However, there were some other issues in the way.
First, when James gave us this information, the conversation briefly came to a standstill. It was a lot to take in, and we wanted to tread lightly. However, once we got back on track, the conversation began going in another direction.
Second, Ben was leaving. This wasn’t a problem, except that I had previously borrowed his drill, brought it back, and it was in my car. How was I going to bring up this very difficult issue back up without leaving the conversation?
Thankfully, the solution was simple—give Ben my car keys. Then I could turn to James, undeterred by anything else, and I could tell her about someone I knew who had gone through a circumstance very similar to hers.
It was awful. She became depressed, and felt what she refers to as a stone in her heart for a while until she was able to forgive her offenders. Once she did, she no longer felt the heaviness in her heart.
There was much more to say, but there were also things that didn’t need to be said because we both understood. Through it, I was able to point to Jesus. Jesus heals wounds. Jesus frees people. The kingdom and the power of God was seen years ago in that girl’s forgiveness toward her offenders, and it could have been seen again that day in the coffee shop.
James didn’t make a decision for Christ that day, but I was able to share the gospel.
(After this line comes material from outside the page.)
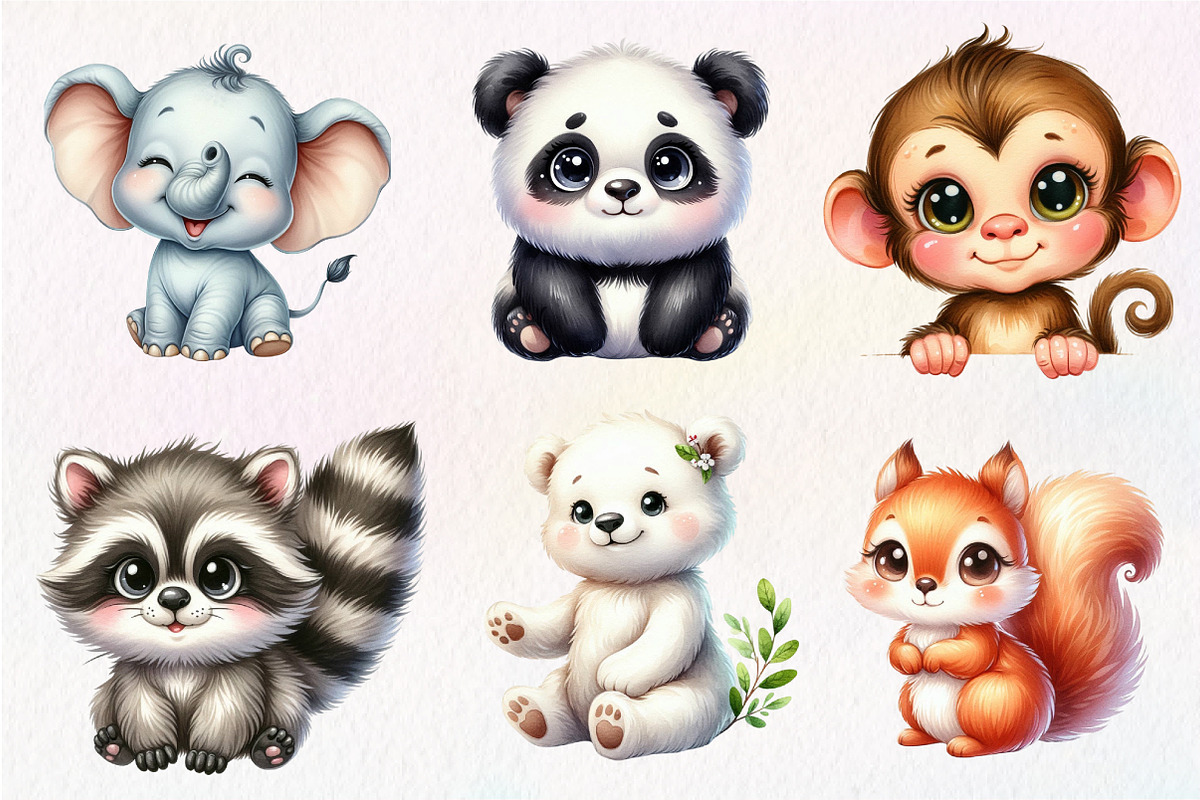 Cute Animals Clipart, an Illustration by CreationArt (Photo 2 of 5)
I was able to show how Christ worked through the pain of one person, how God’s kingdom was seen on earth through one person forgiving the wickedness of others, and how Christ could and would do it again for another.
Earlier, when Ben said he needed to leave, I wanted to jump ship and leave too. That would have been easy. But I simply couldn’t. I had been praying for some kind of evangelistic opportunity, and this one literally grabbed a chair and sat down beside me. It couldn’t have been any clearer.
Not every conversation goes like this. Some are very awkward. Some are not. Some respond well. Some think they are already saved.
Whoever you are talking to, try to empathize with them. You don’t need to “get them saved” right there. It can be a slow work.
Thankfully, you don’t evangelize alone. The one who tells you to “go” and “make disciples” is the same one who has all authority in heaven and on earth, and he is always with you. Always.